Reporting a bug or unexpected result
If a function returns an error, produces a result that does not look right, or behaves differently from what the documentation describes, please open a GitHub Issue:
Step-by-step for first-time GitHub users:
- Go to the Issues link above. If you are not signed in, click Sign in in the top-right corner (or Sign up if you do not yet have an account).
- Click the green New issue button.
- Select the Bug report template — it will open a pre-filled form.
- Fill in each section of the form:
-
Survey type — which design you are using (
instantaneous,bus_route,ice,camera, oraerial) -
tidycreel version — run
packageVersion("tidycreel")in R and paste the result (e.g.,1.6.0) - What you expected — describe the output or behavior you expected
- What actually happened — paste the full error message, or describe the result that does not look right
- Reproducible example — a short R snippet that shows the problem (see below)
-
Survey type — which design you are using (
- Click Submit new issue at the bottom of the form.
Writing a reproducible example
The single most useful thing you can include is a short, self-contained R snippet that demonstrates the problem without needing your real data.
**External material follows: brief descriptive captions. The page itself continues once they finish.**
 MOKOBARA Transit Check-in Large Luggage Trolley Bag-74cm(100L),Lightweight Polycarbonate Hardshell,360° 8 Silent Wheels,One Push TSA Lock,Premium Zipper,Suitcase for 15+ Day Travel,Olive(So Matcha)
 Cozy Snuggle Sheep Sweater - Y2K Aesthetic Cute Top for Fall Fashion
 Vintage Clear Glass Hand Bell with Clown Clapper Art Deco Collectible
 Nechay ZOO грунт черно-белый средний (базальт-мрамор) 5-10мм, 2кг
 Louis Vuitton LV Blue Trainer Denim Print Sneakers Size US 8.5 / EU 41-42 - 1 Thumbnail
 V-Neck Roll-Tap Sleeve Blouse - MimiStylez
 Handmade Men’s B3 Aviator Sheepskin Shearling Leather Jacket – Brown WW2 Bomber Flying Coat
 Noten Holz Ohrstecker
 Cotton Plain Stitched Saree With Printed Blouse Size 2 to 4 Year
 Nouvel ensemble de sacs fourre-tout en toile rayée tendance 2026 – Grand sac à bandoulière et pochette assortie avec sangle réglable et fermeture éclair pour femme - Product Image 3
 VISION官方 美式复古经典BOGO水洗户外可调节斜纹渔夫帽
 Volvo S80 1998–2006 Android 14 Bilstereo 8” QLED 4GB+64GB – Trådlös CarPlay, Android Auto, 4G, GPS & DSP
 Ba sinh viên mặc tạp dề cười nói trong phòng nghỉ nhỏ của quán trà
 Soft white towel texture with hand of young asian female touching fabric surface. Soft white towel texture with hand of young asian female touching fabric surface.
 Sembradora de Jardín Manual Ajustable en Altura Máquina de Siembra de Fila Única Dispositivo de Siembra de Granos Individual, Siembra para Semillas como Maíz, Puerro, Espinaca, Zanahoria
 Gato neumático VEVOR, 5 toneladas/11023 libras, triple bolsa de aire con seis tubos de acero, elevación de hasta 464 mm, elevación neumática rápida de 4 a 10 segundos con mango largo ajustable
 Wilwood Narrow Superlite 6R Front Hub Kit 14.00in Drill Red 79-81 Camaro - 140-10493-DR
Use the package’s built-in example datasets (example_calendar, example_counts, example_interviews, etc.) wherever possible, or create a small data frame that triggers the issue.
A good example looks like this:
library(tidycreel)
design <- creel_design(example_calendar, date = date, strata = day_type)
design <- add_counts(design, example_counts)
# The call that produces the unexpected result
estimate_effort(design)
#> Error: ... (paste the full error message here)The snippet should run from scratch without any additional files or setup. If reducing your data to a minimal example is not straightforward, share what you have and describe the context — that is still very helpful. The reprex package can automatically format and share R output if you want a polished submission: install it with install.packages("reprex") and run reprex::reprex() around your code.
For guidance on contributing code, requesting new features, or the development workflow, see CONTRIBUTING.md.
License
MIT License — see LICENSE.md for details.
AI Use Acknowledgement
Artificial intelligence tools were used during the development of tidycreel, primarily through Claude Code (Anthropic), with selected code and outputs reviewed using Codex (OpenAI). These tools supported code refinement, consistency across functions, GitHub Actions workflows, error checking, and the development of testing infrastructure.
All functions and analytical outputs have been reviewed by the author team and validated against real-world creel survey data and expected analytical behavior. Despite these review and testing efforts, errors may still occur. If you identify a problem or unexpected result, please submit an issue so that it can be reviewed and addressed.